Published on May 19th, 2014 | by Zamná Ávila0
The Trouble with Waterfront Development:
Competing visions for the future of the Port are obscured by what isn’t being said
James Preston Allen, Publisher
One hundred some odd years ago, Southern California was criss-crossed with light rail lines. Vestiges of the old Red Car lines are still visible in some neighborhoods, now in use as parks and bike paths.
A decade ago, when Sixth Street in San Pedro was dug up for some road repair, work crews sawed through steel rails and wooden railroad ties hidden under the asphalt exposing a forgotten transportation system that connected Point Fermin to San Bernardino. Interestingly enough, it is said that with our modern traffic clogged freeways, it takes us about as long to travel from Los Angeles to Riverside as it did in 1914. Now that’s progress!
So at this point you might be wondering what this nostalgic introduction has to do with waterfront development at the Port of Los Angeles. Everything or nothing, depending on your perspective. As you will see in our report in this issue about the Harbor Commission’s vote to extend Ports O’ Call development negotiations with the Los Angeles Waterfront Alliance, there are some brewing differences voiced by John Papadakis and his followers about this project. On our letters page you will find an expanded version of his critique of the project and a rebuttal by Wayne Ratkovich, the venerated urban development guru and partner with the Johnson family’s property management company, Jericho Development, in the Los Angeles Waterfront Alliance. This could end up being a made-for-TV reality drama if left to its own devices. And, I’m not sure that the Port of Los Angeles is in the position to mediate the coming divide.

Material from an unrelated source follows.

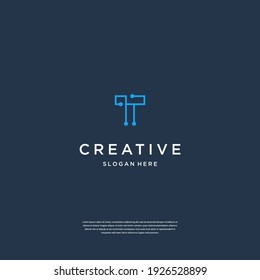 Abstract Combination of Letter T and Technology Symbol Logo Design Inspiration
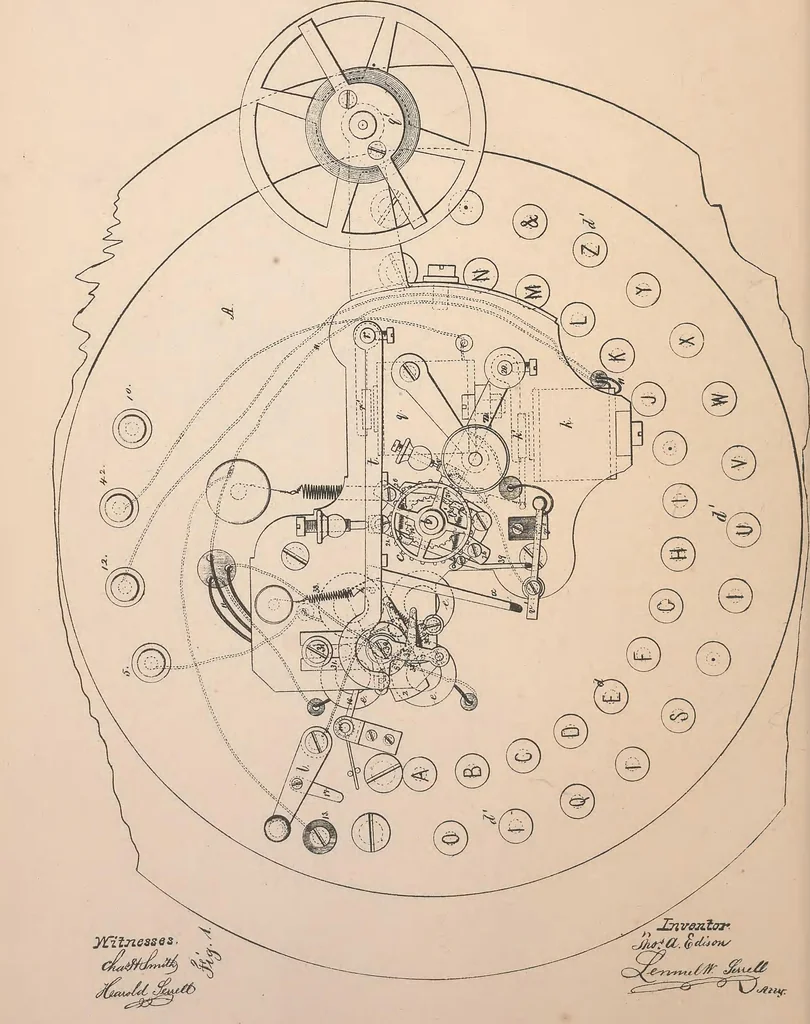An illustration from Collection of United States patents granted to Thomas A. Edison, 1869-1884, 1869, leaf 103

There are, however, large stakeholders in this development who have not publicly voiced their objections to this, as yet, vaguely explained project. The problem here is that much of the discussion about the future of the Ports O’ Call site has been held behind closed doors with very little public input.
The Alliance has held two highly touted “public listening sessions” and then talked privately with various players in the community. But it is really quite unclear what the development team is hearing and what this will all look like in the end. Furthermore, the Alliance’s private discussions with the port about infrastructure and traffic mitigation, and the reliance of these reports on the port’s 2009 environmental impact report calls into question the big picture of whether the project is even economically viable enough to be built. At this point, I have my reservations, primarily because of the traffic mitigation issue.
No matter which side you take in this brewing dispute between these titans of waterfront development, the critical issue comes down to how do we increase the flow of traffic to Ports O’ Call and Crafted at the Port of Los Angeles, not to mention the other proposed projects in various stages of developments near the new marinas on 22nd, without turning Harbor Boulevard into an eight-lane extension of the 110 Freeway? The answer to this innocent question is both beyond the scope of the current project, the jurisdiction of the Port and possibly the minds of those asked to come up with a solution.
A few weeks ago, councilmen Tom LaBonge and Joe Buscaino came up with a plan to present to the Metro Transit Authority board to extend the Blue Line to the Harbor Area. This is a start in the right direction. However, five years ago, Mayor Villaraigosa issued a Community Redevelopment Agency report that recommended that light rail connect the Los Angeles port to the Los Angeles International airport using an existing set of tracks known as the South Bay Loop. Clearly these are big projects in and of themselves, but they are the cure for the impasse confronting both the port and any developer wishing to bring another 400,000 souls to visit our glorious waterfront.
Public infrastructure is the path forward no matter whose vision of the waterfront is decided upon. As long as the current parties are unable to come to an agreement, movement on infrastructure projects will not happen. Lack of consensus building is the culprit behind how our community is unable to gain forward momentum. Hiding behind State Tidelands law and the Brown Act provision that allows for closed door meetings on real estate negotiations, the port and the Alliance are in a particularly awkward position. Their decision to keep these discussions behind closed doors sidelines the Papadakis’ of this town and many others who have yet to make their objections known publicly– frustrated and understandably angry. This is not the path to consensus.
If I didn’t know better, I would suspect that Bruce Seaton’s ghost — the former chief engineer of the port who lead the negotiations on China Shipping and Knoll Hill with the community — was influencing this project. My point is simply this, without a consensus plan we cannot go to Mayor Eric Garcetti, City Hall, the MTA or the federal government to build the infrastructure needed to construct anything at Ports O’ Call. If this port administration or any developer can’t produce a convincing plan that creates a consensus within our rather contentious community, then nothing grand will ever be built. And, if nothing is built, it will be the fault of the adults in the room who have forgotten the elements of the Urban Land Institute’s recommendations and who just don’t want to listen or compromise.